I tried to use an image dataset found online to build a CNN based on lesson 1 and 2 teachings, but I had an issue loading it into the Google Cloud Platform Consol. I simply didn’t know how to do it.
I copied/pasted the CurlWget code to download the dataset via my terminal but I didn’t know where to get it from. The downloading was complete but the dataset was nowhere to be found (or I didn’t know where to look). How can one usually upload a dataset on a Jupyter Notebook acquired this way?
Also, if I manage to know where the dataset is and load it successfully, can I still use the untar_data function? The dataset is in zip format and needs to be unzipped. Untar_data does that perfectly (based on the video of the course) but it needs a url as an argument. From where can I get this url? CurlWget doesn’t provide that.
I think I am basically asking how to download a dataset from the web and use it on a Jupyter Notebook hosted on Google Cloud. A little guidance would be extremely helpful.
I tried a different approach and retrieved the direct link of the dataset (which ends with .zip) and copied and pasted it as an argument to the untar_data function. Problem: i get this error: "Downloaded file {fname} does not match checksum expected! Remove that file from {data_dir} and try your code again. What should I do?
I never resolved the untar_data checksum issue but realized I didn’t need to use the function to get my data onto my instance. I uploaded the tar file using the notebook upload button and then un-tarred the file into the location I wanted from the terminal command line. Then the data could be used by:
data = ImageDataBunch.from_folder(path, train=".", valid_pct=0.2,
ds_tfms=get_transforms(), size=224, num_workers=4).normalize(imagenet_stats)
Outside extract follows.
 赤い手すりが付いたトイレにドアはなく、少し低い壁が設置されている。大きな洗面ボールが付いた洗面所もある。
i.e. specifying the training files are in the current directory (train=".") and to take 20% of these files as the validation data (valid_pct=0.2). This is explained in lesson 2.
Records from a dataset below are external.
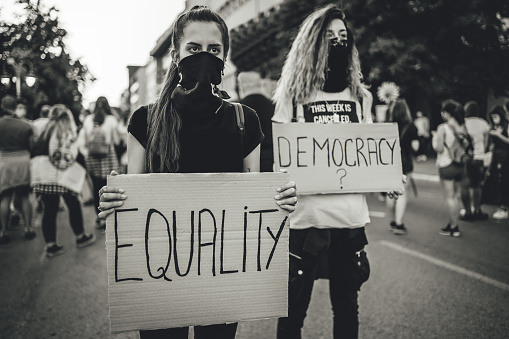 Two young women protesters holding placards with text 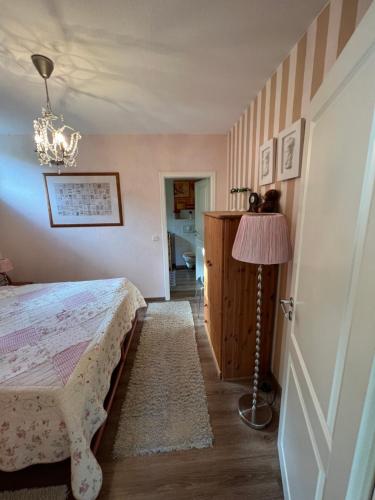 a bedroom with a bed and a lamp at Apartment Vis-a-vis in Wernigerode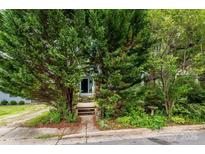 Charming home featuring mature trees, front entry stairs and a lush garden surrounding the pathway to the front door at 1716 Umstead St, Charlotte, NC 28205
I am getting the same checksum error when trying to use the CUB_200_2011 dataset for Lesson 1 using paperspace. I would love to know if someone has a solution because it would make it really easy to test different datasets. It appears to download the images but then I get this error:
It will help if you work directly on the terminal.
lets say the data url is - www.example.com/data.zip. From the terminal, run the following commands
cd fastaiv3 mkdir data cd data
Here we went inside the fastaiv3 directory and made a directory called data and then went inside that directory. Now we’ll download the data
wget www.example.com/data.zip
This will download the data.zip in the location fastaiv3/data. To extract it, run the following command
unzip data.zip
You’ll get all the contents of the data.zip in fastaiv3/data
In the notebook, remove the line with untar_data and directly define the path as
path = Path("~/fastaiv3/data")
Then just go ahead with notebook. Let me know if there are any clarifications needed.
It still didn’t work for me. I did the exact same steps before but the notebook couldn’t simply identify the path.
I get this error: IndexError: index 0 is out of bounds for axis 0 with size 0, which basically says that the images couldn’t be found.
I uploaded the images via the terminal, unzipped them and got the path but when I run it on Jupyter it says the index 0 is out of bounds.